From rapid resident expansion to recent hurricane devastation, it would be difficult to say that St. Johns County isn’t in a housing crisis. Citizens from all walks of life and backgrounds are unable to find or retain affordable housing and are having to move elsewhere. But the team from the St. Johns Housing Partnership is here to answer the need. They stand alongside residents to assist with buying or renting a home, home repairs, lowering costs, and financial counseling. Their work is focused on affordable housing, wherever the need may be. Executive Director Bill Lazar and Rehab Program Manager Susan Giddens talk assistance, obstacles, and how the hurricanes have affected their work.
Social: Tell us a little bit about what the St. Johns Housing Partnership does.
Bill Lazar: The SJHP has been in business in SJC for 20 years. Our primary activity has always been a home repair service for homeowners with limited incomes who need to address health and safety measures. The majority of homes we work on belong to seniors citizens, many of whom have deferred maintenance issues after the loss of a partner and that other income. Some are also local working families who may have inherited family property and never had enough income after the basic necessities to take care of major maintenance issues.
What are the biggest obstacles to finding affordable housing in St. Johns County?
The biggest challenges in St. Johns County are caused by our booming real estate market. The old adage of “a rising tide lifts all boats” has an inverse impact on affordable housing prices. The boom has completely left our workforce out of the new home market. I’m primarily talking about first responders, teachers, medical staff who earn a decent wage (less than $80,000 annually in household income) but can’t find anything that is close to 30% of their income. The same challenge exists for renters. The two hurricane whammy really hurt our rental supply. We’ve lost some units, and because of the high demand, we’ve seen rents go up over $200 a month since Matthew. That’s a crisis waiting to happen for many of our service sector and young people just starting out. And they are a critical part of our community workforce, so we cannot afford to have them leave town for better opportunities.

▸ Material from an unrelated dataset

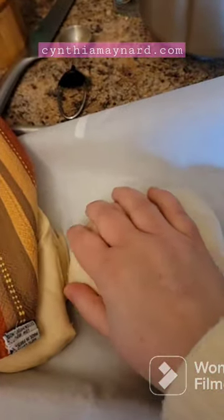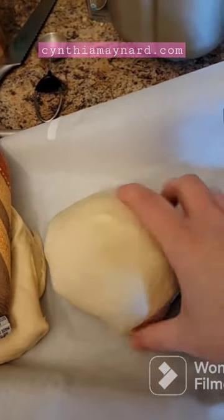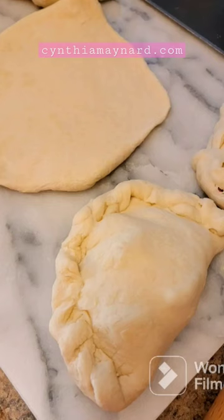You can cook those off in your air fryer at about 370 degrees for about 10 minutes, cool them off, throw them in the freezer, and then you have some lunches.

Is the work of the SJHP geared mostly toward people who are looking for a home? Are there other services or assistance that you offer?
All of our work is geared towards affordable living, obviously at different levels depending on who we’re trying to assist. We’ve expanded in different directions to address unmet needs. Our counseling program began almost 15 years ago as a credit counseling effort to help local residents understand predatory lending. That expanded into homebuyer education preparation in the last building boom.
How have the recent hurricanes affected the work that you do?
We have over 400 households that have come to us for help, either with just navigating the confusing process between FEMA, insurance, and finding contractors, to those who do not have enough to repair their homes. We have a grant that provides three full-time positions just to help provide “disaster case management” for all the applications. We haven’t added programs, but many of our resources are being redirected by the funders towards storm-damaged homes.
How can people help out and volunteer with your organization? What are your greatest needs?
We’ve got volunteers helping us with our construction projects, and we have volunteers helping answer the phones in the office. We’re recruiting volunteers to help write stories about our work (to assist in fundraising efforts). We’re always looking to stretch our resources further.